I still think it is amazing the the free SQL databases don't have materialized views yet.

MySQL's deficiencies aren't inherent to SQL databases. Other databases have faster query parsers and better query planners. It seems that with all the time and money invested into NoSQL solutions, Postgres could be improved to the level of Oracle or DB2.

This comment, which I completely agree with, really depresses me. People really like competing with each other rather than working together to build awesome solutions (and users often even /encourage/ this behavior with a pro-competition bias). The idea that we now have a million "sort of crummy" storage solutions rather than a couple, or even one, really good one--and mostly due to superficial differences in syntax of usage or specification of deployment--makes me want to cry.

I suddenly hope that by 2015 PostgreSQL ends up as the winner of the database wars, having embraced and outgrown every feature from every other data store out there.

Only had 5 days with MongoDB and I found it a good alternative for persistence of basic data structure in Python, my main concern was something that can $set individual elements of a JSON instead of retrieving the whole doc and modify it.

Not quite sure what you mean, but Atomic Modifications might be what you want: http://www.mongodb.org/display/DOCS/Atomic+Operations

You can update any field in a document. Obviously you'll need the ID of the document.

> my main concern was something that can $set individual elements of a JSON instead of retrieving the whole doc and modify it.

i ran into the same question

Dumb question: the author talks about not having to use caching because Mongo has built-in caching. Don't most RDBMSes also have built-in caching?

Yes, RDBMDSes have built-in cache, but they are not as fast as memcached. So why the difference? I haven't really checked, but you have to populate and invalidate memcached explicitly, and it doesn't honor database isolation (if you invalidate cache after writing an object, some instances may read stale data after you already updated the db, etc). MongoDB's cache may cut corners in a similar way, I'd love to know.

They might be referring to Mongo writing data into memory rather than requiring that it be written to disk before responding success (in its default configuration) or that Mongo uses memory mapped files (and tries to uses as much memory as it can) to hold the active records in memory.

From the tutorial:

SELECT * FROM things WHERE name="mongo"


> db.things.find({name:"mongo"}).forEach(printjson); { "_id" : ObjectId("4c2209f9f3924d31102bd84a"), "name" : "mongo" }

I am having a hard time finding the benefit of that except you can do it programmatically and not step out of your language of choice and into SQL.
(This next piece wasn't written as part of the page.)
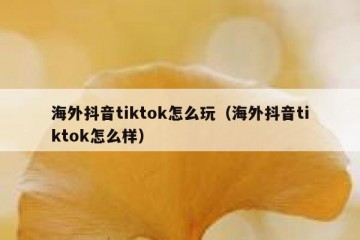 海外抖音tiktok怎么玩（海外抖音tiktok怎么样）
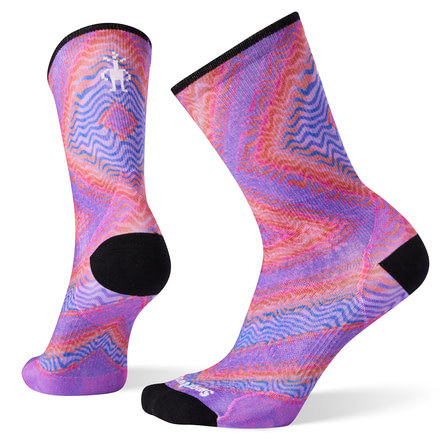 Smartwool PhD Run Ultra Light Print Crew Socks - Womens, Meadow Mauve, Large, SW001235A22-L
I am just looking into this...so maybe the lightbulb will get brighter as I go through the docs for MongoDB.

Has anyone had experience comparing MongoDB and HiveDB from apache? I briefly considered both of them over a year ago before realizing that they weren't quite yet prime time for my application, and I've not had time to look at them since. I'm curious to see how they've evolved in practice.

Great writeup! Couple questions:

- I'm curious why querying before a write makes such a big difference. I would have guessed that updating a document that's not in RAM would first load it into RAM, then perform the update. Does the write get applied to disk without loading the page into RAM first? If you do an update to a document that is not in RAM, is it in RAM following the update?

- Can you elaborate on the corruption that occurred to both the master & the slave during a DAS failure? We have seen something similar in our deployment (high write volume leading to corruption in both master & slave. required repair to recover. ran on a partially functioning slave during the repair), but were unable to identify the root cause.

Querying before the writes solved a lot of problems. It gets the object in the working RAM set. When doing an update, the database gets LOCKED when the statement hits the server--that means if your document is not in memory, you have to wait while it gets looked up. This was an easy, easy win for us.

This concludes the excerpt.